TASK STATEMENT. The listing, minus its pictures, is to be given again exactly.

INPUT DATA.
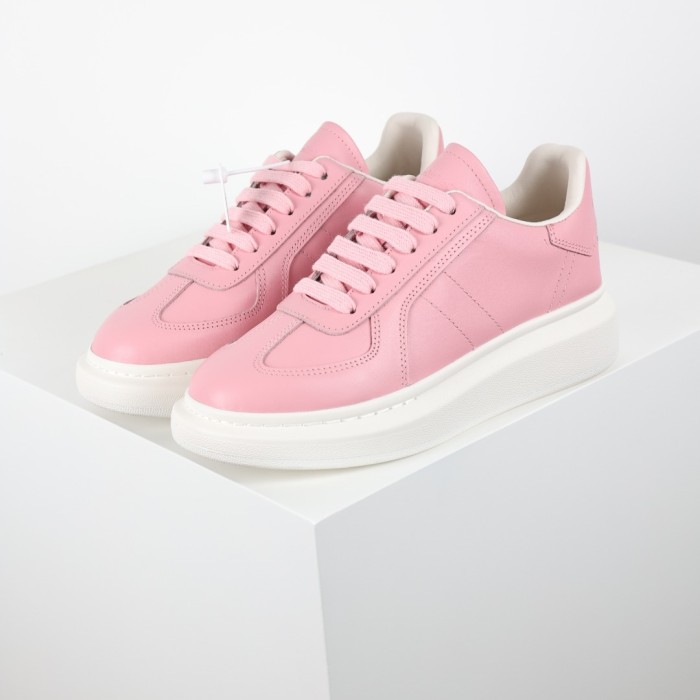 Alexande* McQuee* Oversized Retro Sneaker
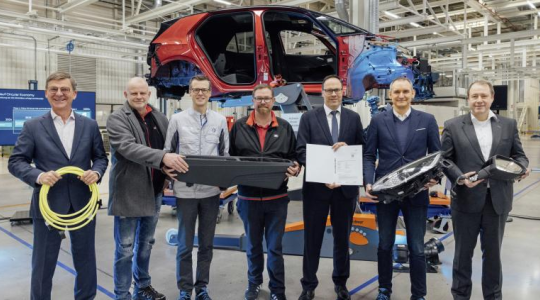 Volkswagen zmienia strategię. Fabryka w Zwickau zajmie się recyklingiem aut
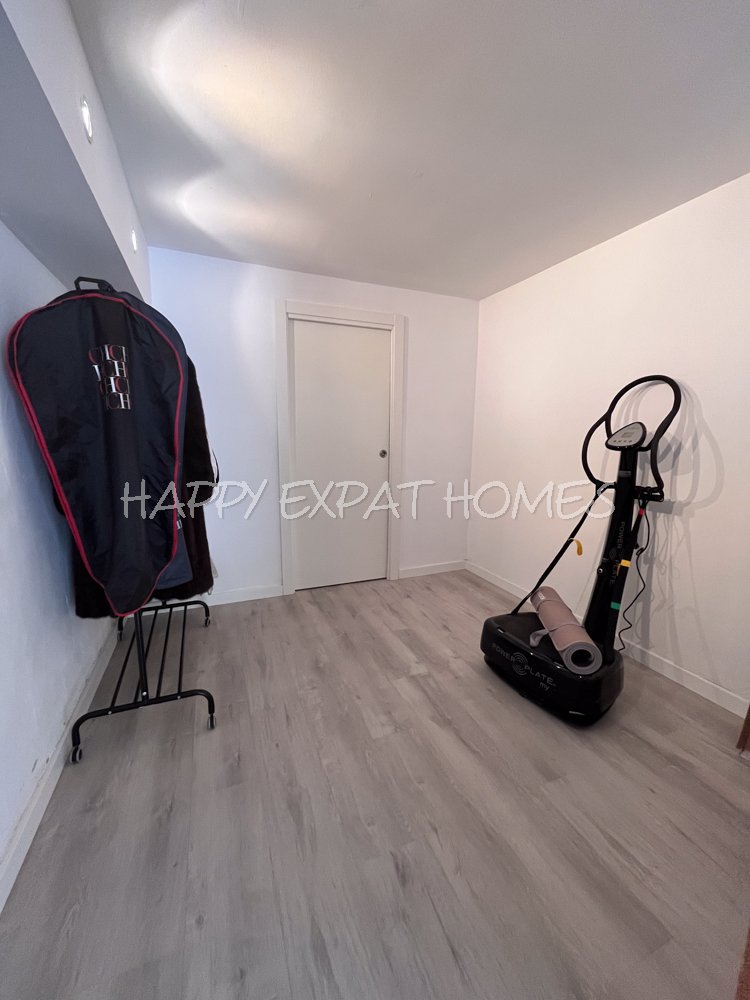 Beeindruckende Zweifamilienhaus-Hälfte mit Touristenlizenz (mit hoher Rentabilität) und Meerblick in Vallpineda.
Diese Doppelhaushälfte verfügt üb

WRITTEN SOLUTION.
 Alexande* McQuee* Oversized Retro Sneaker
 Volkswagen zmienia strategię. Fabryka w Zwickau zajmie się recyklingiem aut
 Beeindruckende Zweifamilienhaus-Hälfte mit Touristenlizenz (mit hoher Rentabilität) und Meerblick in Vallpineda.
Diese Doppelhaushälfte verfügt üb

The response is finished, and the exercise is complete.